The study was conducted by surveying twelve-year-olds in 77 households with multiple children and at least one pet. The results suggest that these kids prefer Fido to fighting with a sibling.
FIGHTING LIKE CATS AND DOGS
We’re all familiar with sibling rivalry. If a child feels they aren’t getting as much attention or recognition as their sibling, they will sometimes pick fights with a sibling or act out to satisfy their emotional needs. Childhood can be tough for kids with siblings to navigate; each child is struggling to find their own individual identity while competing for validation from adults.
A pet satisfies a child’s need for emotional connection, and according to the University of Cambridge, can have an important impact on his or her development. According to the study, participants reported more satisfaction and less conflict with a pet versus a sibling.
Matt Cassels, a Gates Cambridge Scholar, led the study. ”Even though pets may not fully understand or respond verbally, the level of disclosure to pets was no less than to siblings,” he explains. “The fact that pets cannot understand or talk back may even be a benefit as it means they are completely non-judgmental.”

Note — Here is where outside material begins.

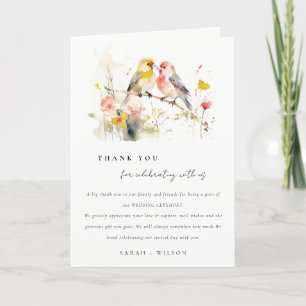 Chic Wild Botanical Watercolor Love Birds Wedding Dankeskarte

PETS AND SOCIAL DEVELOPMENT
A child can divulge his or her deepest, darkest secrets to the family pet without fear of judgement or retaliation. This is an important element in child development, as it allows children to discuss their fears and thoughts in a safe environment. It may seem silly to lament your problems to an animal, but researchers have a different opinion.

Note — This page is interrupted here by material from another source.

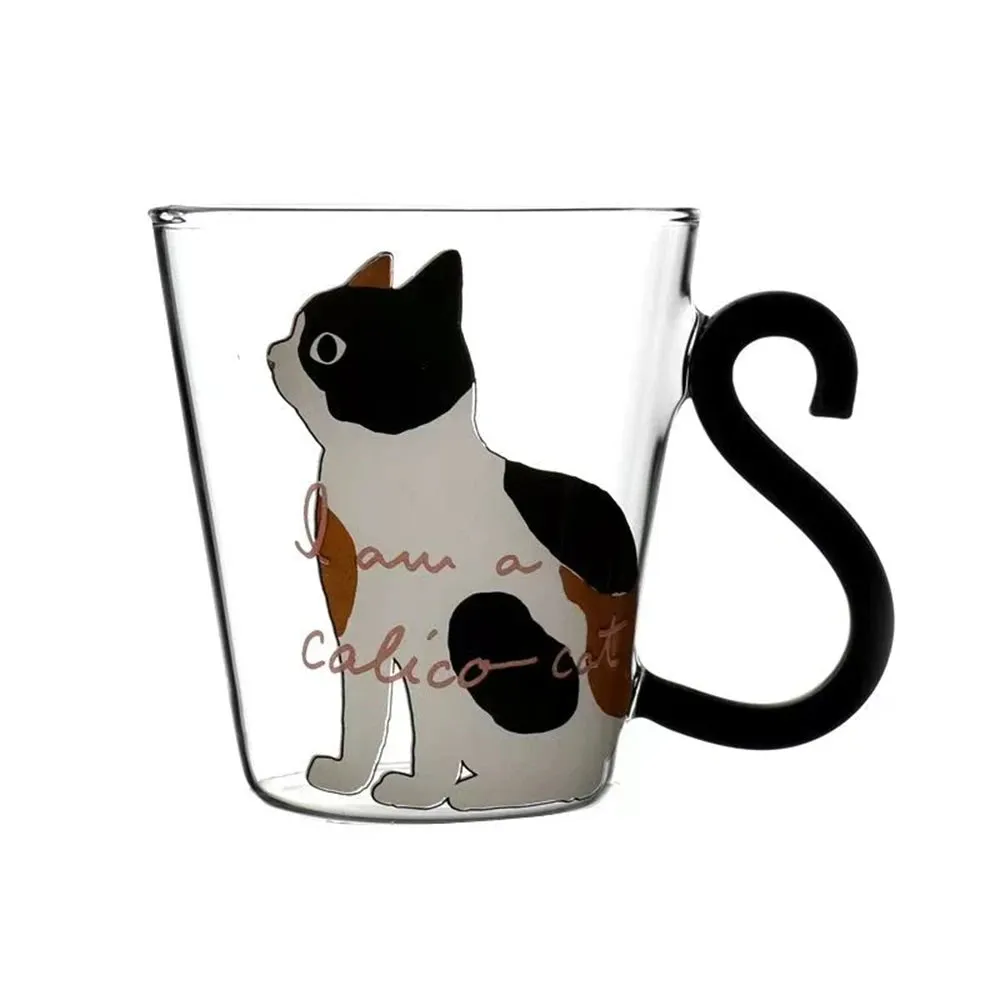 Cute Kitten Tail Handle Glass Cup - 300ml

“The social support that adolescents receive from pets may well support psychological well-being later in life,” says Nancy Gee, Human-Animal Interaction Research Manager at WALTHAM and a co-author of the study. “But there is still more to learn about the long term impact of pets on children’s development.”

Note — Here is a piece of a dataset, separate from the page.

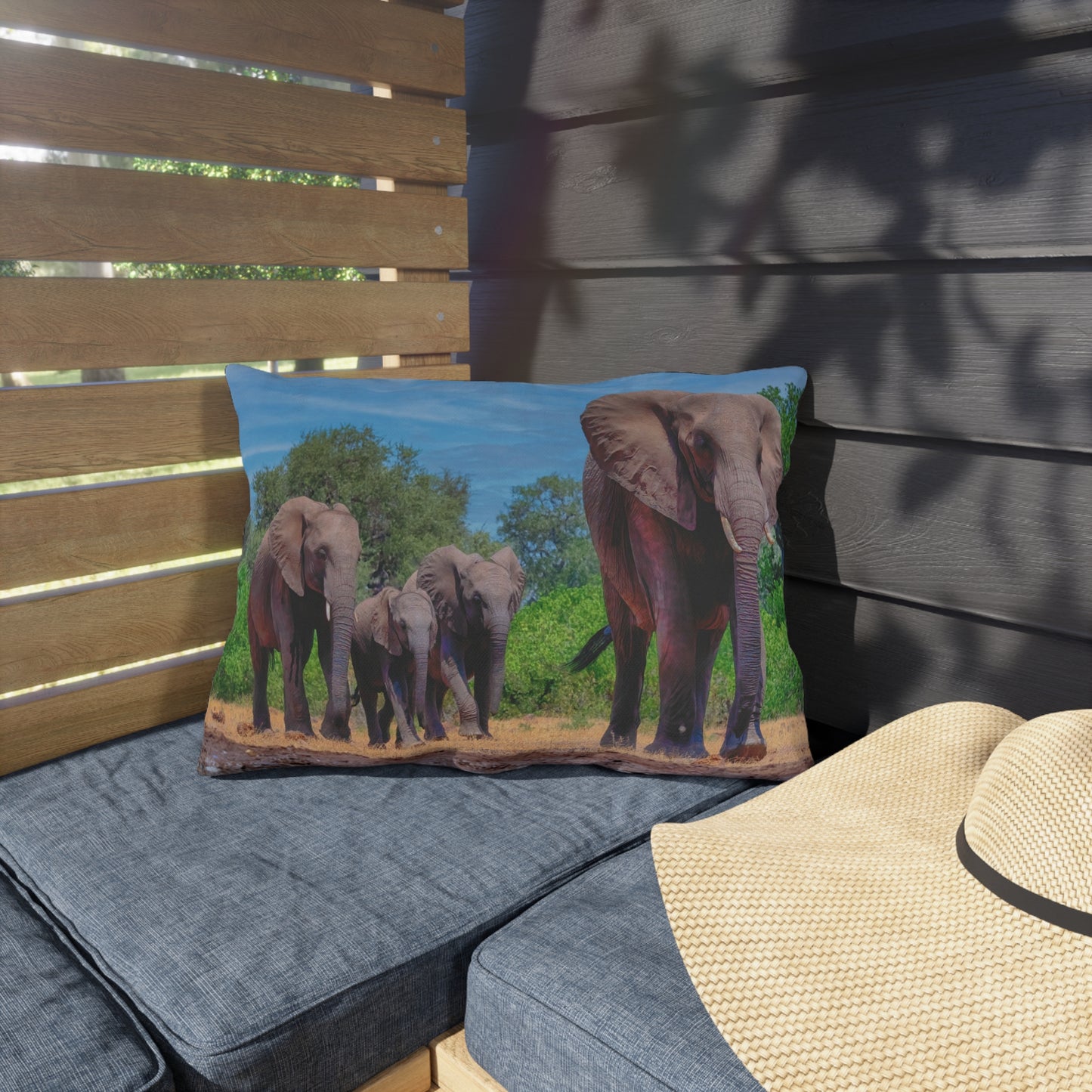 Enjoy Nature Outdoor Pillow with Elephant Family at Watering Hole – Artistic, Comfy, and Durable Decorative Accent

There is still more research to be done, but so far the science points to pets having a positive impact on a child’s mental health and development.
LOSING YOUR BEST FRIEND
Owning a pet that you hold near and dear to your family can be a double-edged sword. On one hand, the animal provides emotional and social support to your kids; on the other hand, sometimes Fluffy doesn’t live as long as we’d like him to.
One study by Joshua Russell, an assistant professor of animal behavior, ecology and conservation at Canisius College, in Buffalo, N.Y. suggests that children react to the loss of a pet much differently than adults do. “They often see themselves as the center of their pets’ affections,” Russell said in a college news release. “They describe their pets as siblings or best friends with whom they have strong connections.”
Children see pets as best friends to share secrets and memories with. These pets are important members of the household, and it is important to remember this when discussing the loss of a pet with your child. Allow them to grieve, and explain to them that their pet did everything he was put on this earth to do. Encourage your child to open up with their feelings about the pet, and help them feel as supported and encouraged as Bowser did.